→ Exercise goal:
Your task is to reproduce exactly the lines from the one containing "this 845×633 image." through the last line below, both ends included, and nothing else, with no pictures.

→ Data extract:
:::
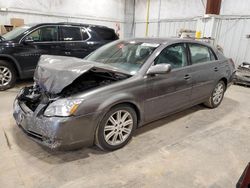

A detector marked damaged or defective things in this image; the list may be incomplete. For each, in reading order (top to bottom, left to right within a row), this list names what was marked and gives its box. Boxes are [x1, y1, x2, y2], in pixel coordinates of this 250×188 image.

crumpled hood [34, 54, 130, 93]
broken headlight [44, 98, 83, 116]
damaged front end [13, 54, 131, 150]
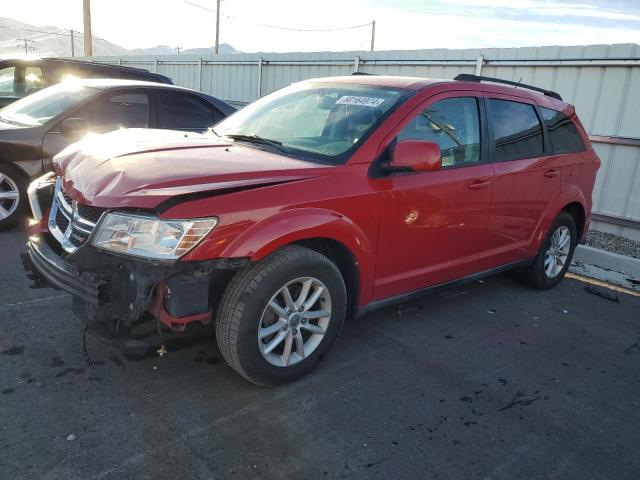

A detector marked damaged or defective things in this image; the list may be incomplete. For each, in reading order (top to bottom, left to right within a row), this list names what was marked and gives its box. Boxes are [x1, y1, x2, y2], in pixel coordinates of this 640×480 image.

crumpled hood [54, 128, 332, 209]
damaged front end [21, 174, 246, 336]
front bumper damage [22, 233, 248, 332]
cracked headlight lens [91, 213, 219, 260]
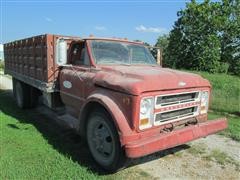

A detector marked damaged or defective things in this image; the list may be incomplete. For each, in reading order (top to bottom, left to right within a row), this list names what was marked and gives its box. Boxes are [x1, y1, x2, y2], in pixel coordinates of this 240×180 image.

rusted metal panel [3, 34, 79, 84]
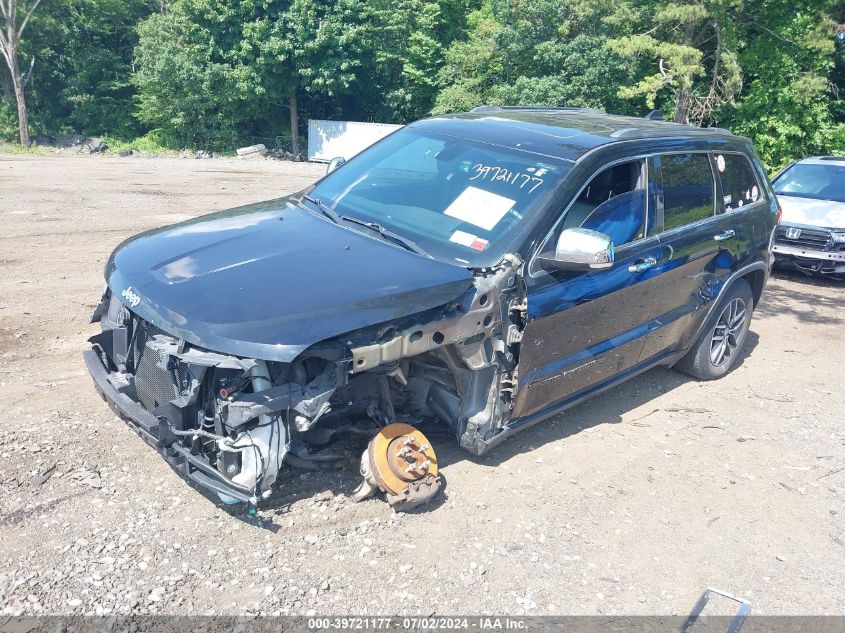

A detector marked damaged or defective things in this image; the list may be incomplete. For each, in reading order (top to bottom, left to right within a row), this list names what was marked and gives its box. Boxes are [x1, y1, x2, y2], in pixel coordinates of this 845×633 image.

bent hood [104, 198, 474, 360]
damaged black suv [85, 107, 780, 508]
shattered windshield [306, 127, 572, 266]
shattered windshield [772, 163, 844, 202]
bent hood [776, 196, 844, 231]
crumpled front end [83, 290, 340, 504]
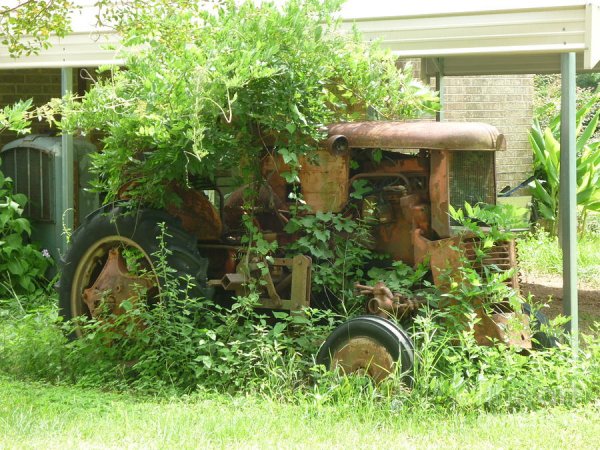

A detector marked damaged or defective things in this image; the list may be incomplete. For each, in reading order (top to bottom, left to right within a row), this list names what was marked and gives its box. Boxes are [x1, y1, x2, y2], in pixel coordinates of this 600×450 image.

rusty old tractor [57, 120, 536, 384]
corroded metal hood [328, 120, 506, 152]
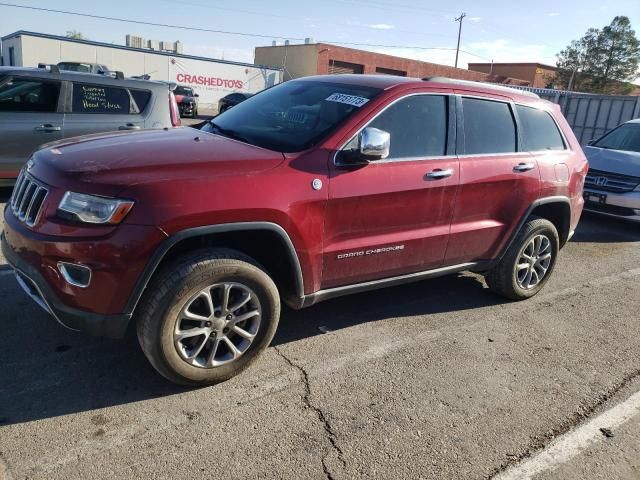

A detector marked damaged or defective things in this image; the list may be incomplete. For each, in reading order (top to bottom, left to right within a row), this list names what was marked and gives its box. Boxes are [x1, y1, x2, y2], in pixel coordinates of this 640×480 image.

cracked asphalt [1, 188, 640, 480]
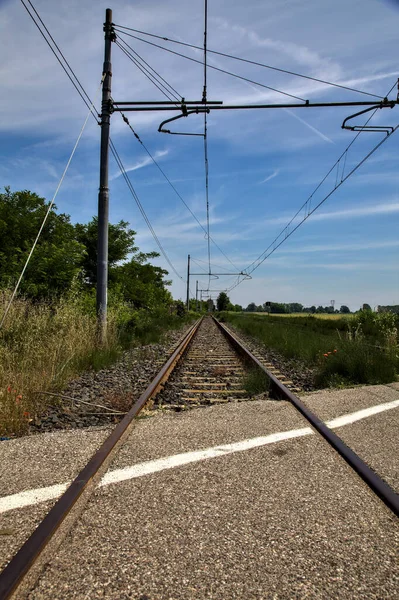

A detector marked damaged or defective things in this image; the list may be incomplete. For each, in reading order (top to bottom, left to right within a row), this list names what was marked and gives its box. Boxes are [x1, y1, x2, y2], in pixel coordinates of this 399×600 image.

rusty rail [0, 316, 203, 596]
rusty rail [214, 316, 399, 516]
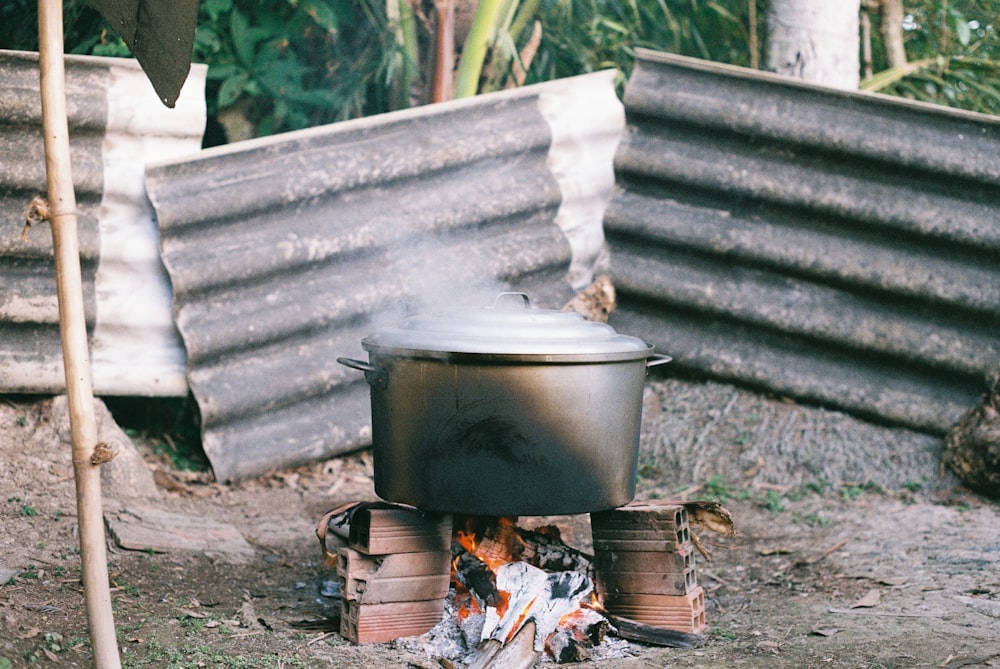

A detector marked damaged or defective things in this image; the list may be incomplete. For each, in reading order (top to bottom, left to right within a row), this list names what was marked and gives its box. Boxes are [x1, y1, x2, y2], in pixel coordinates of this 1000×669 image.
:::
→ Solution:
A detector marked damaged or defective things in this image; the list may be incomplete. For each, in reading order (top to bottom, left to right within a row), this list names what was marked and gives its box. Boxes are [x1, y1, x2, y2], in pixel coordinates of this 845×633 image.

bent hood [104, 198, 474, 360]
damaged black suv [85, 107, 780, 508]
shattered windshield [306, 127, 572, 266]
shattered windshield [772, 163, 844, 202]
bent hood [776, 196, 844, 231]
crumpled front end [83, 290, 340, 504]

A detector marked damaged or defective things in this image; the list may be incomplete. For each, in reading order (top to bottom, left to right within a row), this list names what was marked and gives its box. Boxes are [x1, y1, x2, y2], in pixel coordinates of this 600×450 image.

rusty old tractor [57, 120, 536, 384]
corroded metal hood [328, 120, 506, 152]

A detector marked damaged or defective things in this image; the list may be incomplete. For each, in reading order (top to bottom, left to right within a row), this list names what was marked and gives its box. Boxes are [x1, y1, x2, y2], in pixel coordinates of this 640×480 image.

cracked asphalt [1, 188, 640, 480]

A detector marked damaged or defective things in this image; the list may be incomplete. For each, in reading order (top to bottom, left to right within a row), this list names what was marked and gives its box. Boxes are [x1, y1, x2, y2], in pixel coordinates of this 399×600 image.

rusty rail [0, 316, 203, 596]
rusty rail [214, 316, 399, 516]

A detector marked damaged or defective things in this image; the list may be incomplete. For each, in reading order (top to bottom, left to right within a row), this list names what was marked and gives its box. Boxes are [x1, y1, x2, y2], in pixel coordinates of this 1000×669 image.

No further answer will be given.